Background:

In addition to its budget and accounting responsibilities, the Office of Financial Management (OFM) has other statutory duties, including:

maintaining an inventory system of owned and leased facilities used by state government and submitting a plan every two years regarding the space requirements for state agencies;
developing and maintaining a system of internal controls and internal audits for use by state agencies;
establishing objectives and performance measures for the Department of Transportation (DOT) for policy goals relating to the planning, operation, performance of, and investment in, the state's transportation system;
contracting for a salary survey for purposes of collective bargaining and arbitration for DOT ferry employees;
completion of a yearly government management and accountability performance report of the ferry system;
payment of assessments levied to state-owned lands under certain circumstances;
establishing policies for the acquisition, operation, use, maintenance, and disposal of all motor vehicles owned by the state;
developing and maintaining of an inventory of state land resources; and
appointing loss prevention review teams and reporting of team findings.

Government Streamlining.

In 2011 a bill was enacted to reorganize and streamline the central service functions, powers, and duties of state government, including information technology functions. The Department of Information Services was abolished and its functions were transferred to the Office of Financial Management under the newly created Office of the Chief Information Officer (OCIO), the newly created Department of Enterprise Services (DES), and the newly created Consolidated Technology Services Agency (CTS).

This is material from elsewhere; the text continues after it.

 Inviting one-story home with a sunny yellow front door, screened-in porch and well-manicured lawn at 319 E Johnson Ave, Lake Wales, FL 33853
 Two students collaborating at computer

Office of the Chief Information Officer.

The OCIO is headed by the Chief Information Officer. The primary duties of the OCIO include: (1) preparing and leading the implementation of a strategic direction and enterprise architecture for information technology (IT) for state government; (2) enabling the standardization and consolidation of IT infrastructure to support enterprise-based system development and to improve and maintain service delivery; (3) establishing standards and policies for IT services throughout state government; and (4) establishing statewide architecture to serve as the organizing standard for IT for state agencies.

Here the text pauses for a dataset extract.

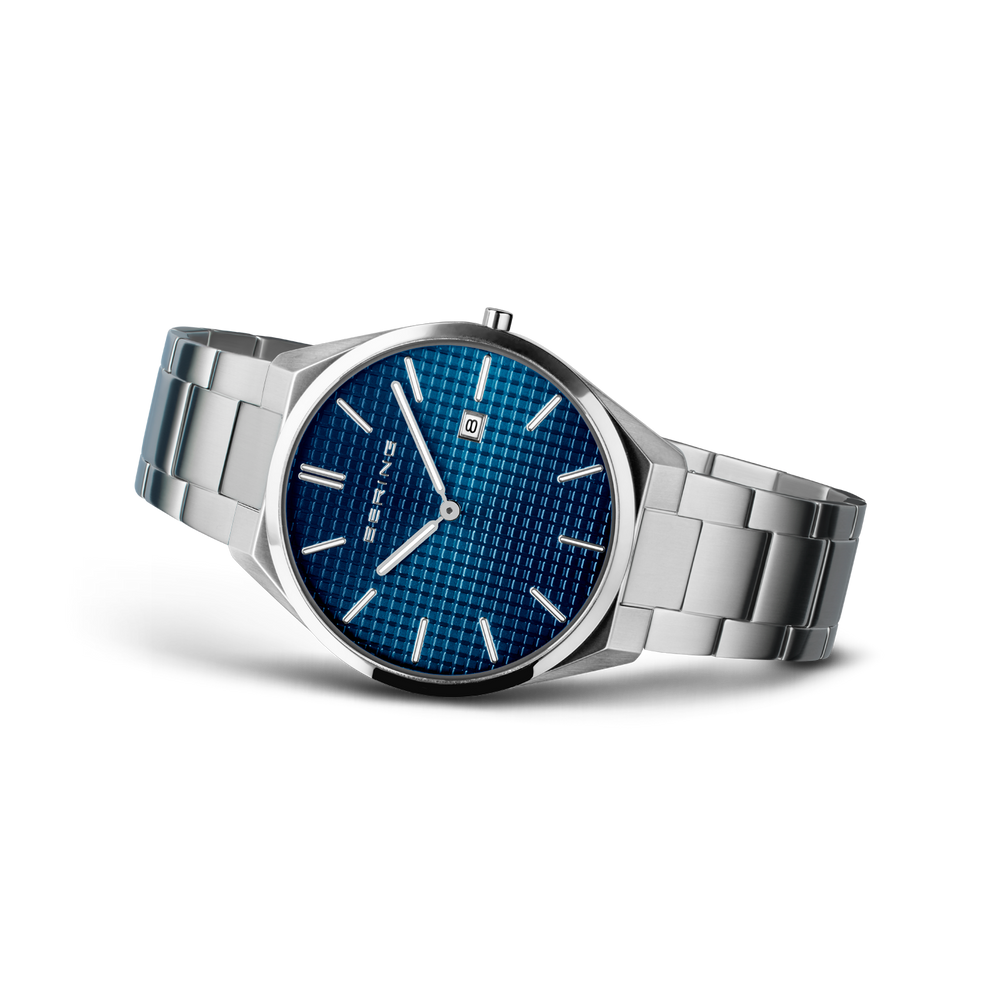 Angled watch view: textured blue dial and silver-tone link bracelet extended.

Consolidated Technology Services Agency.

The CTS provides information services to public agencies and public benefit nonprofit corporations. The CTS operates the state data center and offers IT services, including mainframe computing, network operations and telecommunication, shared email, IT security, and storage.

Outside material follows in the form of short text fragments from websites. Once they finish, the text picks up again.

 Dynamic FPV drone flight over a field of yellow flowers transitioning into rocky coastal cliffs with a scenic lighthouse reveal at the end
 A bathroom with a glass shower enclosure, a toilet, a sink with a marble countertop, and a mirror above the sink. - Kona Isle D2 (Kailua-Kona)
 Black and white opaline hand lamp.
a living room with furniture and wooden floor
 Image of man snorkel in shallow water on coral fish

–––––––––––––––––––––––––––––––––

Summary of Amended Bill:

The OFM must establish and enforce policies and workplace strategies that promote the efficient use of state facilities. The facilities inventory must be updated by all agencies, departments, board, commissions, and institutions by June 30 of each year.

Each agency head or authorized designee in an agency that meets risk-based criteria as developed by the OFM must establish and maintain internal audits that meet professional audit standards.

The OFM duties for establishing and reporting objectives and performance measures relating to the planning, operation, performance of and investment in the state's transportation system and completing the yearly government management and accountability performance report of the ferry system are transferred to the DOT.

The required salary survey for collective bargaining and arbitration purposes for DOT ferry employees is no longer required to be contracted out.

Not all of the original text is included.